*** Opening of PROVIDED DATA ***

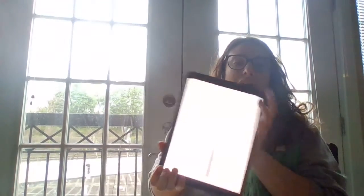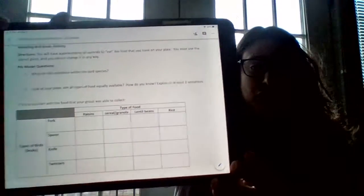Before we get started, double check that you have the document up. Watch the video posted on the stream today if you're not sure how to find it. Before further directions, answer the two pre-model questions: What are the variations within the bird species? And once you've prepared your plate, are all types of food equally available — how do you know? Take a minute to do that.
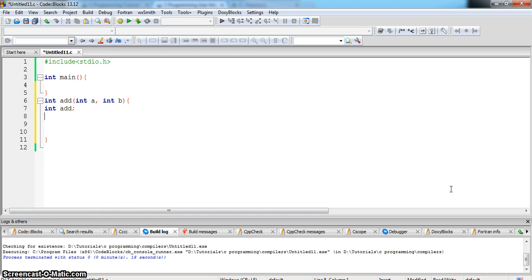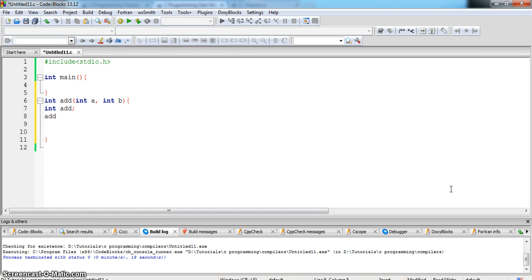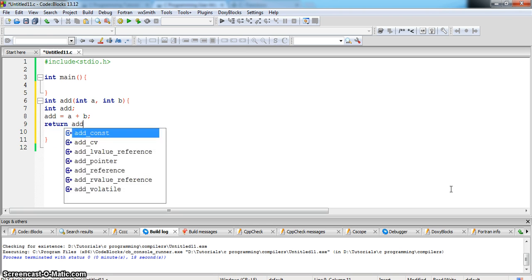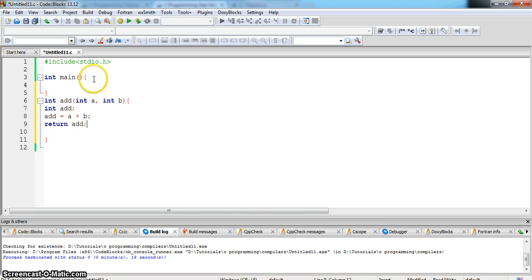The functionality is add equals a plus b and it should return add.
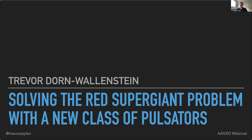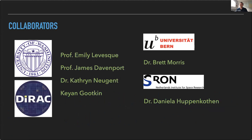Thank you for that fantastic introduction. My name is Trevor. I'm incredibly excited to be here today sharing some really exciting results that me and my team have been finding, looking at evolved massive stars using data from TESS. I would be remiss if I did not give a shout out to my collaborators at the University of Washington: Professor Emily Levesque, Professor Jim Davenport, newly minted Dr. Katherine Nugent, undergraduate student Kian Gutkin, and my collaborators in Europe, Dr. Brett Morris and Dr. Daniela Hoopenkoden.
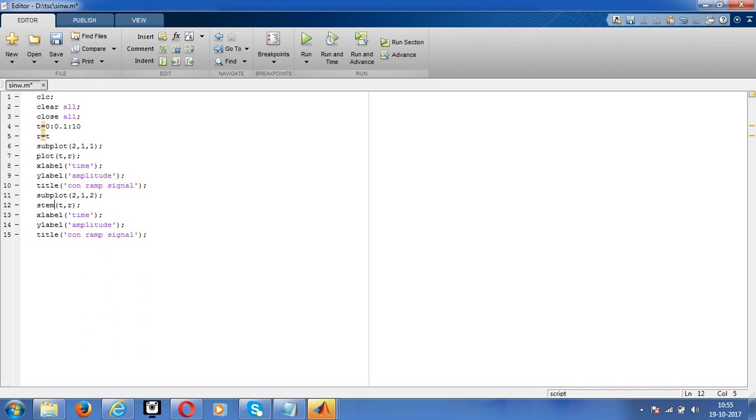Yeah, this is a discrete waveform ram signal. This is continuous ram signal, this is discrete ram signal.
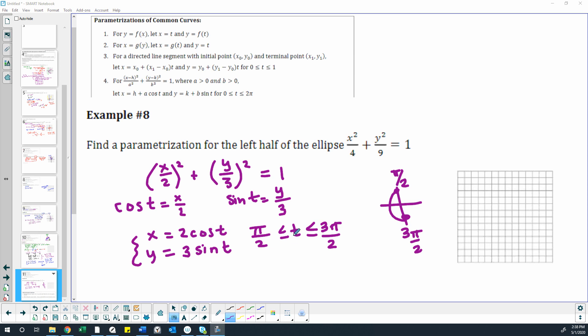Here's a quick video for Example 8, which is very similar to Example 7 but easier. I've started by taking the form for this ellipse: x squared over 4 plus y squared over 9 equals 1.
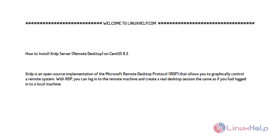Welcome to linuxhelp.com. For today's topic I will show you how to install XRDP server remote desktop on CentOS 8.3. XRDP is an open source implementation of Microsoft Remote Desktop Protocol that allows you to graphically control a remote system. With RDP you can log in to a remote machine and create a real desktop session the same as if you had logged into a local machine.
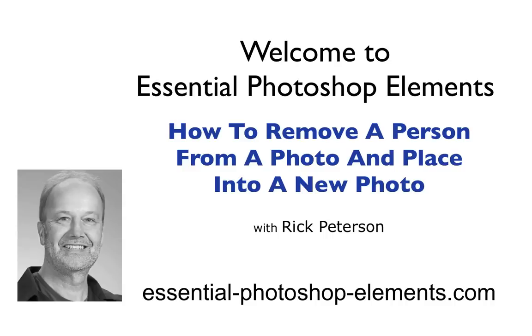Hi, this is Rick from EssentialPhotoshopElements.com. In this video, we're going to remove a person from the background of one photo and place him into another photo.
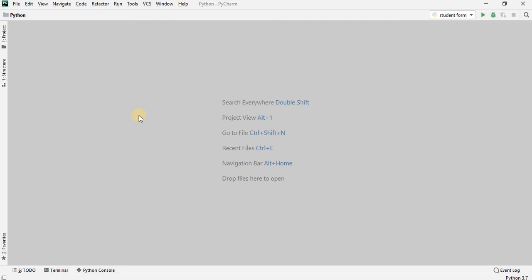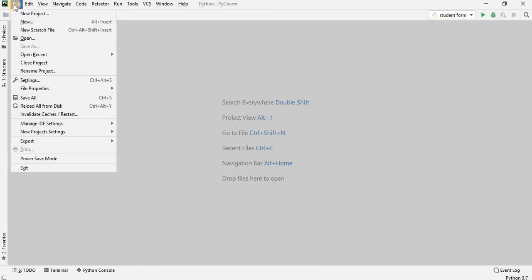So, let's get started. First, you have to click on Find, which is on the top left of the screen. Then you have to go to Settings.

*** Close of PROVIDED DATA ***

ASSIGNMENT | Reproduce the material above exactly, first line through the line that contains "Here's a quick", minus the pictures.

YOUR SOLUTION |
Before we get started, double check that you have the document up. Watch the video posted on the stream today if you're not sure how to find it. Before further directions, answer the two pre-model questions: What are the variations within the bird species? And once you've prepared your plate, are all types of food equally available — how do you know? Take a minute to do that.
The functionality is add equals a plus b and it should return add.
Thank you for that fantastic introduction. My name is Trevor. I'm incredibly excited to be here today sharing some really exciting results that me and my team have been finding, looking at evolved massive stars using data from TESS. I would be remiss if I did not give a shout out to my collaborators at the University of Washington: Professor Emily Levesque, Professor Jim Davenport, newly minted Dr. Katherine Nugent, undergraduate student Kian Gutkin, and my collaborators in Europe, Dr. Brett Morris and Dr. Daniela Hoopenkoden.
Yeah, this is a discrete waveform ram signal. This is continuous ram signal, this is discrete ram signal.
Here's a quick video for Example 8, which is very similar to Example 7 but easier. I've started by taking the form for this ellipse: x squared over 4 plus y squared over 9 equals 1.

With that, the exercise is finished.